*** Excerpted data ***
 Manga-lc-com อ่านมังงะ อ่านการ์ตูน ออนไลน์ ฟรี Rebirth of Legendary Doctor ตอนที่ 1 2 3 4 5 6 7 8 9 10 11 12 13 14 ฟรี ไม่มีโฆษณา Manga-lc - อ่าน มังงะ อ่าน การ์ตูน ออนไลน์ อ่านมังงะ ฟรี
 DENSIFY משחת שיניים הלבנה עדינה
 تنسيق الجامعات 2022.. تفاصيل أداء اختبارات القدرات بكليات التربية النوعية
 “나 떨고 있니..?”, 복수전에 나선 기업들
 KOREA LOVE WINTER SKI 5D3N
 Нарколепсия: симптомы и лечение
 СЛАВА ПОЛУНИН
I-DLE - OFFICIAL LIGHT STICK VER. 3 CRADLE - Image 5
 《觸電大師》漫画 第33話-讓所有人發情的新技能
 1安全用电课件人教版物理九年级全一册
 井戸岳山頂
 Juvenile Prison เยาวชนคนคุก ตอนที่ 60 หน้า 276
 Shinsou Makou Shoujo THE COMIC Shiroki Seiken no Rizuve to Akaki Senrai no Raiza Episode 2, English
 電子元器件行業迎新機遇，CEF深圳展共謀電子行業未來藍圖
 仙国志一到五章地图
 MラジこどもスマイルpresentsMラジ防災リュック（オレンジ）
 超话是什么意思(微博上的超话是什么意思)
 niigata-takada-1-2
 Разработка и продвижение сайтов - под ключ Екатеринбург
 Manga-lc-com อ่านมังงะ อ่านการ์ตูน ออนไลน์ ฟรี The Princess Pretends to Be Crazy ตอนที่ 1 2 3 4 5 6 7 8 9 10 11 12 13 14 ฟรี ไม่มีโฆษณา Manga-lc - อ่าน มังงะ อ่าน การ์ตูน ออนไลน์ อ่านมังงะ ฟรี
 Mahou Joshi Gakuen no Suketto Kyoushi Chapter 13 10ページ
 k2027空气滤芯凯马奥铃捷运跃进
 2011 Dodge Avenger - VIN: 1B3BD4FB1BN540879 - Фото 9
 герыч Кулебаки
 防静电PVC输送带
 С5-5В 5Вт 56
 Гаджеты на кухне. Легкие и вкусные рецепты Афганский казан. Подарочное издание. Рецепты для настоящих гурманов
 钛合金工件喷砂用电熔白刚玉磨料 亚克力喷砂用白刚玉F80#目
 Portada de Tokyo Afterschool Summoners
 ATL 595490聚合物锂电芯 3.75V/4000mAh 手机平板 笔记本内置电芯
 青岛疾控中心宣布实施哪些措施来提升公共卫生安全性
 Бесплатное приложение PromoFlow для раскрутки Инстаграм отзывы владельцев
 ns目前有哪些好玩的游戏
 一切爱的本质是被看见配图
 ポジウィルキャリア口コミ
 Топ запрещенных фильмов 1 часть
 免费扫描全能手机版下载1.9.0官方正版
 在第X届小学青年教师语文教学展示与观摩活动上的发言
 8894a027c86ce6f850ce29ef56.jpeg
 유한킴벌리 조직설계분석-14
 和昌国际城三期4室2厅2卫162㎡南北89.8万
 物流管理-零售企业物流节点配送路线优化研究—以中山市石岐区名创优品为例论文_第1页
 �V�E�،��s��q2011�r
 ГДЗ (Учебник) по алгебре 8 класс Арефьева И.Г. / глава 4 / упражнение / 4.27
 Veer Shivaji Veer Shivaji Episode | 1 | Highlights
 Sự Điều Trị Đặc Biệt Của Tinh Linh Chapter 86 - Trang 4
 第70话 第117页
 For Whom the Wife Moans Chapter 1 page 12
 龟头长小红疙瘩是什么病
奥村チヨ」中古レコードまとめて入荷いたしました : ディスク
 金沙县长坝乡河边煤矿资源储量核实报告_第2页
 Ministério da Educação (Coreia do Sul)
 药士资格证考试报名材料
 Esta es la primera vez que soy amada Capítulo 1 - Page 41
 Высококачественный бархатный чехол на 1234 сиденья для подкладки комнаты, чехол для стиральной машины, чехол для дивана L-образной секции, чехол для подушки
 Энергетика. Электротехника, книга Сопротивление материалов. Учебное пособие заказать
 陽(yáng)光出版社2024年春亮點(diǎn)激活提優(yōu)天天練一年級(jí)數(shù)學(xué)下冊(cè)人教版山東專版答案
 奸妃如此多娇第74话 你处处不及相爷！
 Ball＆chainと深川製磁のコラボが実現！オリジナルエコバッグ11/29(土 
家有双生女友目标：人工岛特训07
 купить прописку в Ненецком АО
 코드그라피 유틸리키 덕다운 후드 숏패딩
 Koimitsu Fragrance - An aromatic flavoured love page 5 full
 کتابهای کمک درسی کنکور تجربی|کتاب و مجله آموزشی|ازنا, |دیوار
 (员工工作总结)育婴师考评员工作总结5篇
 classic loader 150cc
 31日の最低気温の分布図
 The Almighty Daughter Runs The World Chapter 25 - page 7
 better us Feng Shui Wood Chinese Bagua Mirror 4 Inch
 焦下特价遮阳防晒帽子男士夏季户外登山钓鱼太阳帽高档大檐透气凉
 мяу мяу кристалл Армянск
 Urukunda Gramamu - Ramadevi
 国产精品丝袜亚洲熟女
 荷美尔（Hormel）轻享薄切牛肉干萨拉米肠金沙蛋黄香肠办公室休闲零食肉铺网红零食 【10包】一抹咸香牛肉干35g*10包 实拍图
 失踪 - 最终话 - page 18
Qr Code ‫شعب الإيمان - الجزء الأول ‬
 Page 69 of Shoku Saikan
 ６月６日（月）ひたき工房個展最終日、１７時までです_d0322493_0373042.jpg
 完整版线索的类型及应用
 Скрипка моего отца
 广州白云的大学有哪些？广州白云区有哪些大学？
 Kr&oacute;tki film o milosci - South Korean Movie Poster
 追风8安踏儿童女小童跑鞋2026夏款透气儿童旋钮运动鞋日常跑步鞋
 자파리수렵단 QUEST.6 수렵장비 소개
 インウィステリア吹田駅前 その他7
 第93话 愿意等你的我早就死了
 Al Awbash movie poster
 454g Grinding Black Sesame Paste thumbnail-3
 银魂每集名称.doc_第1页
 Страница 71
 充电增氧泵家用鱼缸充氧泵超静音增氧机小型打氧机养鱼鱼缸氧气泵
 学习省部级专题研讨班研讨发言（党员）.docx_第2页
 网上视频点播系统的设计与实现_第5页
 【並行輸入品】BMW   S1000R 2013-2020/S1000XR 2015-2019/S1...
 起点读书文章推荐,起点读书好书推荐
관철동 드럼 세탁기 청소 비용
***
Using the records above, set down exactly the lines from the one with "Топ запрещенных фильмов 1 часть" through the one with "better us Feng", inclusive, and nothing more.

- [Expected output]:
 Топ запрещенных фильмов 1 часть
 免费扫描全能手机版下载1.9.0官方正版
 在第X届小学青年教师语文教学展示与观摩活动上的发言
 8894a027c86ce6f850ce29ef56.jpeg
 유한킴벌리 조직설계분석-14
 和昌国际城三期4室2厅2卫162㎡南北89.8万
 物流管理-零售企业物流节点配送路线优化研究—以中山市石岐区名创优品为例论文_第1页
 �V�E�،��s��q2011�r
 ГДЗ (Учебник) по алгебре 8 класс Арефьева И.Г. / глава 4 / упражнение / 4.27
 Veer Shivaji Veer Shivaji Episode | 1 | Highlights
 Sự Điều Trị Đặc Biệt Của Tinh Linh Chapter 86 - Trang 4
 第70话 第117页
 For Whom the Wife Moans Chapter 1 page 12
 龟头长小红疙瘩是什么病
奥村チヨ」中古レコードまとめて入荷いたしました : ディスク
 金沙县长坝乡河边煤矿资源储量核实报告_第2页
 Ministério da Educação (Coreia do Sul)
 药士资格证考试报名材料
 Esta es la primera vez que soy amada Capítulo 1 - Page 41
 Высококачественный бархатный чехол на 1234 сиденья для подкладки комнаты, чехол для стиральной машины, чехол для дивана L-образной секции, чехол для подушки
 Энергетика. Электротехника, книга Сопротивление материалов. Учебное пособие заказать
 陽(yáng)光出版社2024年春亮點(diǎn)激活提優(yōu)天天練一年級(jí)數(shù)學(xué)下冊(cè)人教版山東專版答案
 奸妃如此多娇第74话 你处处不及相爷！
 Ball＆chainと深川製磁のコラボが実現！オリジナルエコバッグ11/29(土 
家有双生女友目标：人工岛特训07
 купить прописку в Ненецком АО
 코드그라피 유틸리키 덕다운 후드 숏패딩
 Koimitsu Fragrance - An aromatic flavoured love page 5 full
 کتابهای کمک درسی کنکور تجربی|کتاب و مجله آموزشی|ازنا, |دیوار
 (员工工作总结)育婴师考评员工作总结5篇
 classic loader 150cc
 31日の最低気温の分布図
 The Almighty Daughter Runs The World Chapter 25 - page 7
 better us Feng Shui Wood Chinese Bagua Mirror 4 Inch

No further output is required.